DessusDessusDessous by Atelier Oï (2010)
The Dessus Dessus Dessous carpet, which has been woven from strips of linen, can be traced back to a textile installation entitled “Plier – Entrelacer – Superposer” (Fold – Weave – Overlap) which Atelier Oï created for Designers Saturday 2008 in Langenthal at the invitation of Peter Ruckstuhl. The starting material for this work, which was nominated for the Design Preis Schweiz 2009 award, was provided by the strips of linen that are normally used for the carpet trim. The transformation from an experimental exhibition installation to a product for Edition required both the refinement of technical aspects and an upgrading of the graphic design.

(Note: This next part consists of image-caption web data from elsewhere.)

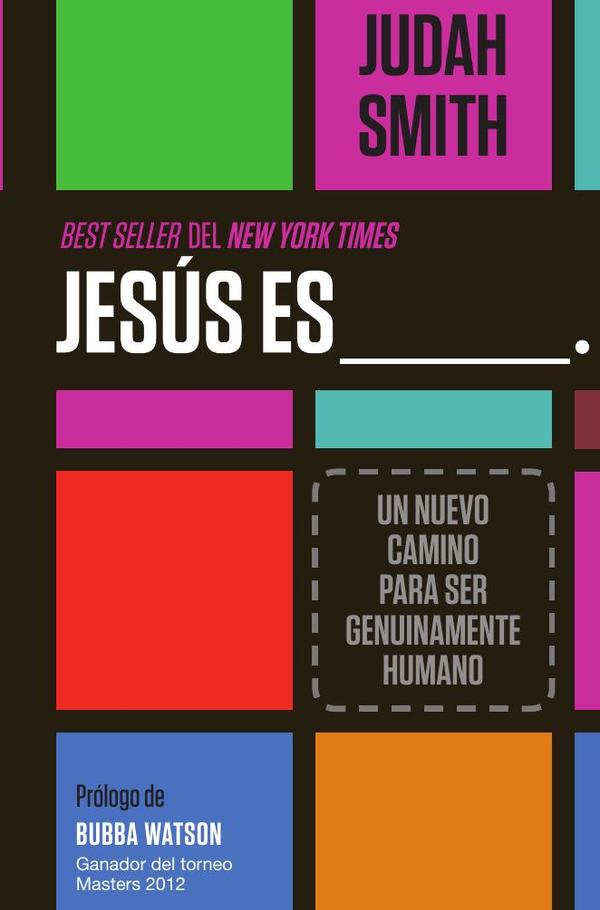 Jesús es ___.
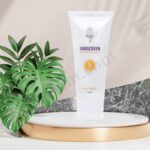 Skin Cafe Sunscreen SPF 50 PA+++ Lightweight & Non-Greasy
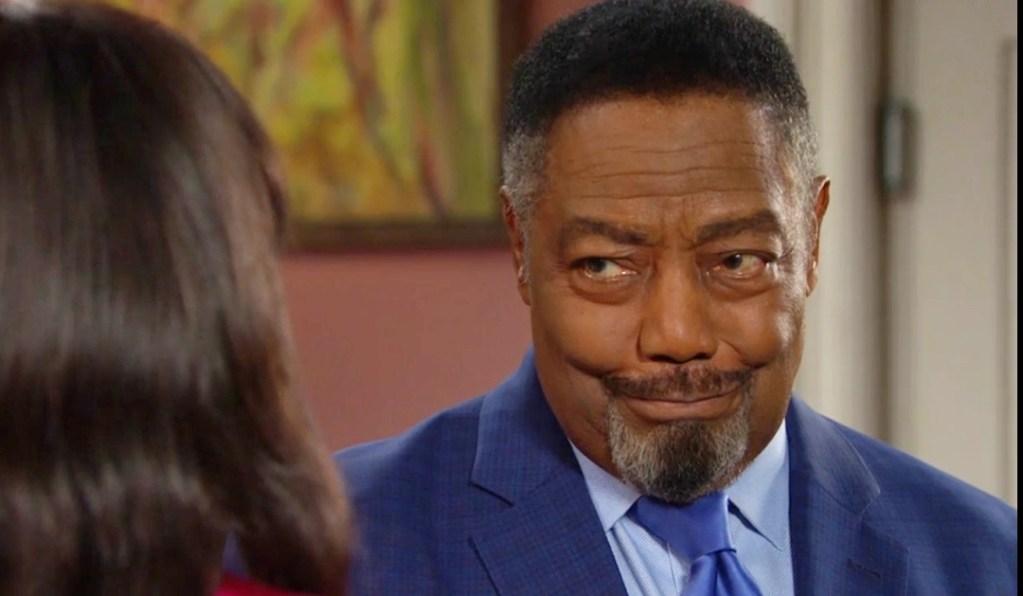 Abe Days of our Lives Recap April 1, 2024
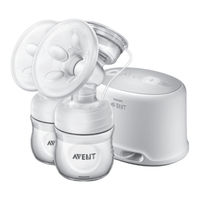 Philips Avent SCF334 Manual Del Usuario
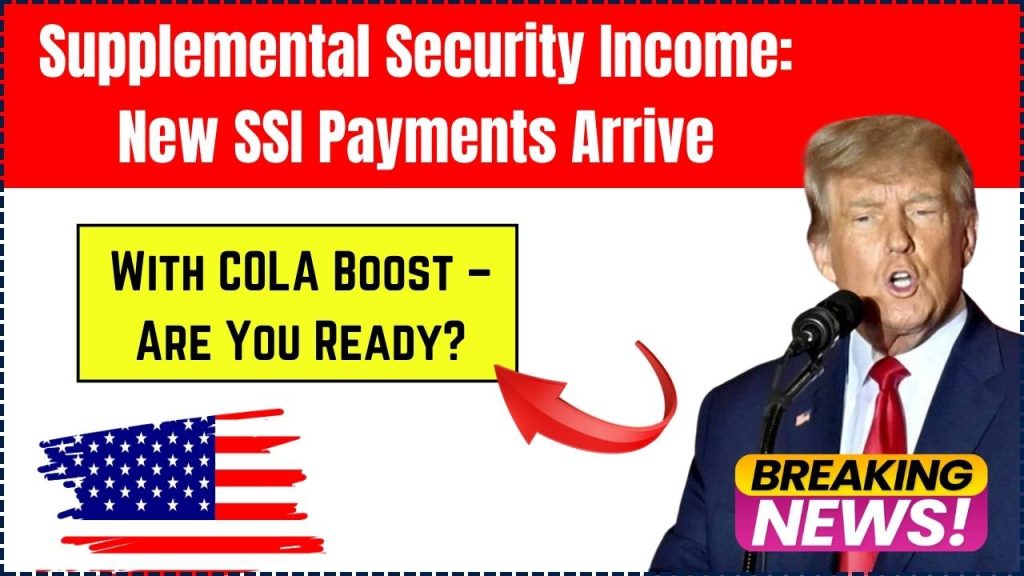 Supplemental Security Income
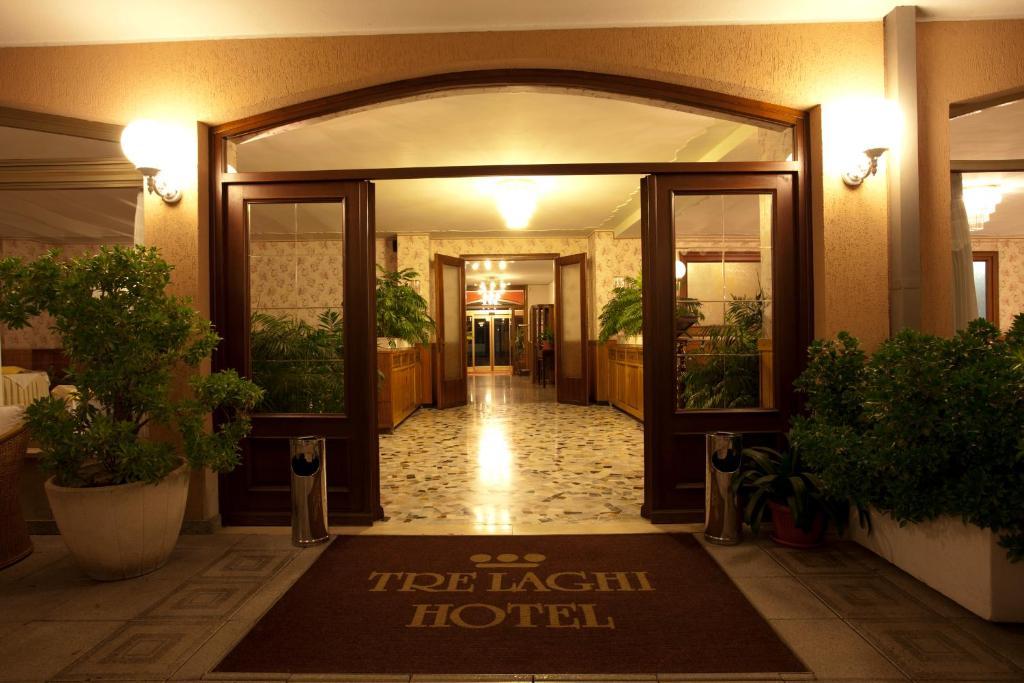 Tre Laghi Hotel Nebbiuno 外观 照片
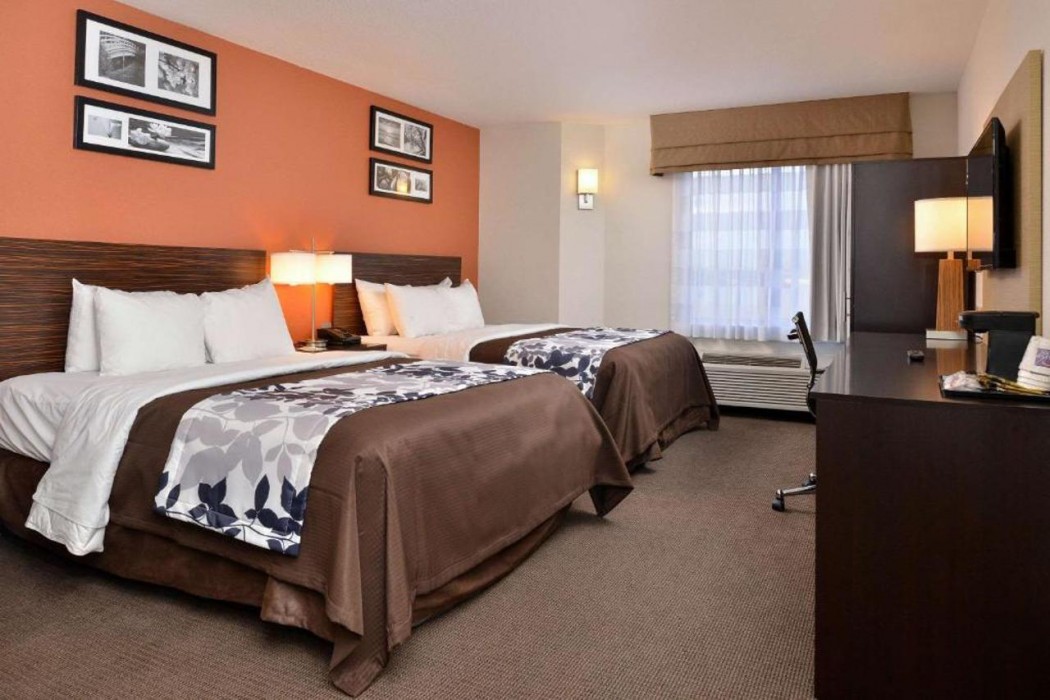 Sleep Inn Beaufort near MCAS 6/28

Frisian Wouw by Claudy Jongstra (2010)
Frisian Wouw, the felt carpet which Claudy Jongstra designed as part of Edition Ruckstuhl, is distinguished in particular by its irregular contours and wild, frenzied texture. This can be seen as an allusion to the archaic character of felt. It is not an accident that the yellow colour, which gives the carpet an unbelievably warm and cosy aura, evokes associations with the golden age of Dutch painting, when masters such as Rembrandt used pigments from the mignonette (reseda) plant (also known as dyer’s rocket).
Hypnos by Atelier Oï (2010)
The design of the Hypnos carpet was inspired by “Les Danseuses”, a kinetic installation which Atelier Oï presented in 2009 on the occasion of the grand opening of its new office and workshop building in La Neuveville. Within the circular, ever narrower wavy lines that characterise the carpet’s striking pattern, the installation’s motif of rotating, ornamentally perforated textile umbrellas that instinctively evoked an association with the robes of whirling dervishes has been frozen in place.
Area and Mesh by Fiorella Fasciati (2010)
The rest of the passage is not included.